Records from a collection
== Segment start ==

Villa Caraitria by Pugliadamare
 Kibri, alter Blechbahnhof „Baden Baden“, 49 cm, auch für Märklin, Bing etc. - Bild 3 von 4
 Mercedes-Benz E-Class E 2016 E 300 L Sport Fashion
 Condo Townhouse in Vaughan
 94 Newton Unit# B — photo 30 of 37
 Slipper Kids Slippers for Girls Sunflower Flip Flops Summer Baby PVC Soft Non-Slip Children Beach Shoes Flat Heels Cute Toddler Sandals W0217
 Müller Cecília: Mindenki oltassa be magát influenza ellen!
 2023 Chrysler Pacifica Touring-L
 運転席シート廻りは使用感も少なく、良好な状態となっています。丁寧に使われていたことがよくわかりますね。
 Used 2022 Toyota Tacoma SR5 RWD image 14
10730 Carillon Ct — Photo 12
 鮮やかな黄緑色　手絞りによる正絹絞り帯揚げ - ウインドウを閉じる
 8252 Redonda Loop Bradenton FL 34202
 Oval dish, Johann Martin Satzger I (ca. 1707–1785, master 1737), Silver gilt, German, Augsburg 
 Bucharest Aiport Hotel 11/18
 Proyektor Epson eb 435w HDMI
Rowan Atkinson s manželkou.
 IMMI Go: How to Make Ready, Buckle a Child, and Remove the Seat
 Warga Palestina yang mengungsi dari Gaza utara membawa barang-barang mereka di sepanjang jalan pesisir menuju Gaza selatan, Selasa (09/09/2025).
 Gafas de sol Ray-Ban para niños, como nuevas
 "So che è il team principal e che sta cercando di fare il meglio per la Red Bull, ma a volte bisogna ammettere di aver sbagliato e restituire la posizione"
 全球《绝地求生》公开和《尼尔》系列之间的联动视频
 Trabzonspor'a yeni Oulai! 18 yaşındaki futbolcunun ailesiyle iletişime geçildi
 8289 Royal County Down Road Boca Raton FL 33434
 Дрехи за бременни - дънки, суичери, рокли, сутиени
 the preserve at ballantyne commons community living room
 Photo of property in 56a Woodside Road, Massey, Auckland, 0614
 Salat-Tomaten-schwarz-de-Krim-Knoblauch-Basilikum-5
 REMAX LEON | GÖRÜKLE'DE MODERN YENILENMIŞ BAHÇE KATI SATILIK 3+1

== Segment end ==

- _Exercise requirements_
Each record above should be set down again in its exact wording.

- _Finished exercise_
Villa Caraitria by Pugliadamare
 Kibri, alter Blechbahnhof „Baden Baden“, 49 cm, auch für Märklin, Bing etc. - Bild 3 von 4
 Mercedes-Benz E-Class E 2016 E 300 L Sport Fashion
 Condo Townhouse in Vaughan
 94 Newton Unit# B — photo 30 of 37
 Slipper Kids Slippers for Girls Sunflower Flip Flops Summer Baby PVC Soft Non-Slip Children Beach Shoes Flat Heels Cute Toddler Sandals W0217
 Müller Cecília: Mindenki oltassa be magát influenza ellen!
 2023 Chrysler Pacifica Touring-L
 運転席シート廻りは使用感も少なく、良好な状態となっています。丁寧に使われていたことがよくわかりますね。
 Used 2022 Toyota Tacoma SR5 RWD image 14
10730 Carillon Ct — Photo 12
 鮮やかな黄緑色　手絞りによる正絹絞り帯揚げ - ウインドウを閉じる
 8252 Redonda Loop Bradenton FL 34202
 Oval dish, Johann Martin Satzger I (ca. 1707–1785, master 1737), Silver gilt, German, Augsburg 
 Bucharest Aiport Hotel 11/18
 Proyektor Epson eb 435w HDMI
Rowan Atkinson s manželkou.
 IMMI Go: How to Make Ready, Buckle a Child, and Remove the Seat
 Warga Palestina yang mengungsi dari Gaza utara membawa barang-barang mereka di sepanjang jalan pesisir menuju Gaza selatan, Selasa (09/09/2025).
 Gafas de sol Ray-Ban para niños, como nuevas
 "So che è il team principal e che sta cercando di fare il meglio per la Red Bull, ma a volte bisogna ammettere di aver sbagliato e restituire la posizione"
 全球《绝地求生》公开和《尼尔》系列之间的联动视频
 Trabzonspor'a yeni Oulai! 18 yaşındaki futbolcunun ailesiyle iletişime geçildi
 8289 Royal County Down Road Boca Raton FL 33434
 Дрехи за бременни - дънки, суичери, рокли, сутиени
 the preserve at ballantyne commons community living room
 Photo of property in 56a Woodside Road, Massey, Auckland, 0614
 Salat-Tomaten-schwarz-de-Krim-Knoblauch-Basilikum-5
 REMAX LEON | GÖRÜKLE'DE MODERN YENILENMIŞ BAHÇE KATI SATILIK 3+1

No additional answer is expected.